Quelques échauffourées ont alors éclaté et des bouteilles d’eau ont été lancées, entraînant l’intervention des forces de l’ordre. Les joueurs du Wydad ont, eux, refusé de reprendre le match tant que l’arbitre ne consultait pas l’assistance vidéo (VAR). Or, elle ne fonctionnait pas. Des officiels de la CAF, des membres des staff et des deux équipes ont longuement discuté sur le terrain, alors que les 60.000 spectateurs poursuivaient leurs chants. Cette suspension a duré environ une heure et demie.

Le match aller de la finale avait déjà été marqué par la confusion. L’arbitre égyptien Gehad Grisha avait été suspendu six mois par la CAF pour « performance faible ». Les ratés de ces deux matches de la compétition phare de clubs en Afrique interviennent alors que se profile la Coupe d’Afrique des nations, disputée en Egypte du 21 juin au 19 juillet.

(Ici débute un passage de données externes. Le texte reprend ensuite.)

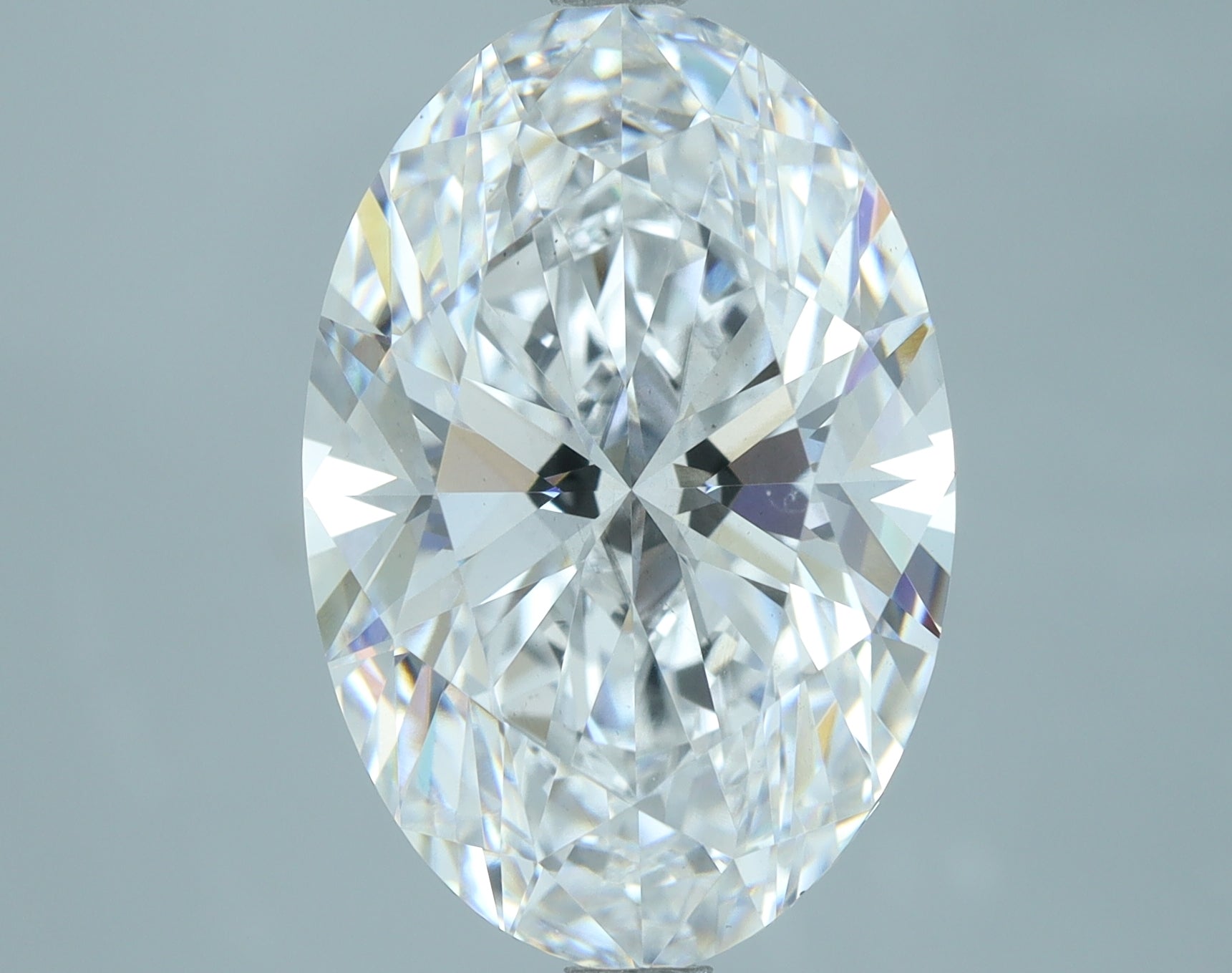 Lab-Grown 5.20 Carat Oval Shape Diamond color E Clarity VS2, precious stones, engagement diamonds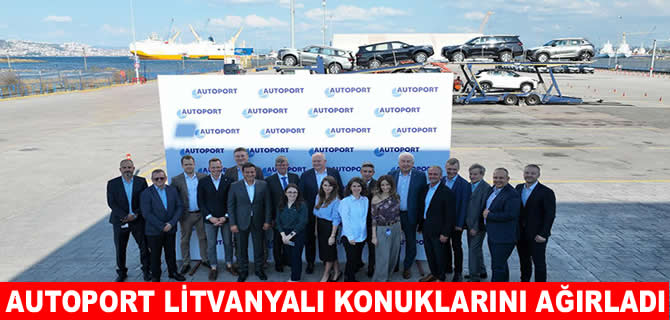 Litvanya Liman Hizmetleri Şirketleri Derneği Autoport’ta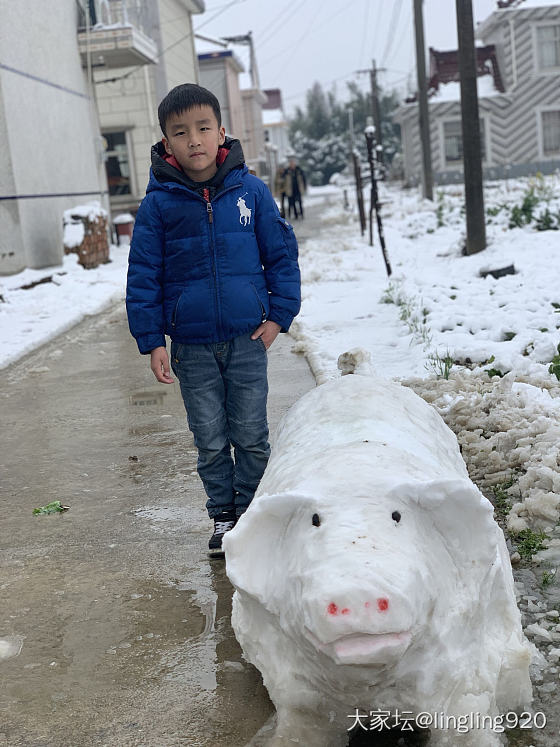 玩雪啦_景色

La CAF a annoncé dans un communiqué que son président malgache Ahmad Ahmad avait décidé, « suite aux événements » et « l’arrêt du match », de convoquer « un comité exécutif d’urgence le 4 juin, pour débattre des issues réglementaires à réserver à cette rencontre ».

Mais l’histoire retiendra surtout que, depuis le début de cette finale pourrie par les polémiques sur l’arbitrage (à l’aller) puis l’arbitrage tout court (au retour), le football africain a perdu une grande bataille : celle de l’image.

Cette finale  de la Ligue des Champions retour a été sifflée par l’international gambien Bakary Gassama, assisté des Sénégalais Djibril Camara et Haj Samba. Le Zambien, Janny Sikazwe était à la tête de l’équipe des arbitres à la salle de la VAR (Assistance vidéo à l’arbitrage).

Avec cette victoire (fortement controversée), l’Espérance Sportive de Tunis devient la deuxième formation à gagner deux Ligues des champions africaines sans avoir concédé la moindre défaite. Un exploit réalisé par Al Ahly du Caire, les premiers à réaliser pareille performance, en 2005 et 2006.

Mieux encore, l’Espérance sportive de Tunis devient ainsi la première équipe du continent africain à pouvoir remporter cette prestigieuse épreuve footballistique en l’intervalle de six mois puisque la dernière finale en date fut décrochée par les Espérantistes, en novembre dernier sur la même pelouse du stade olympique de Rades face à Al-Ahly du Caire.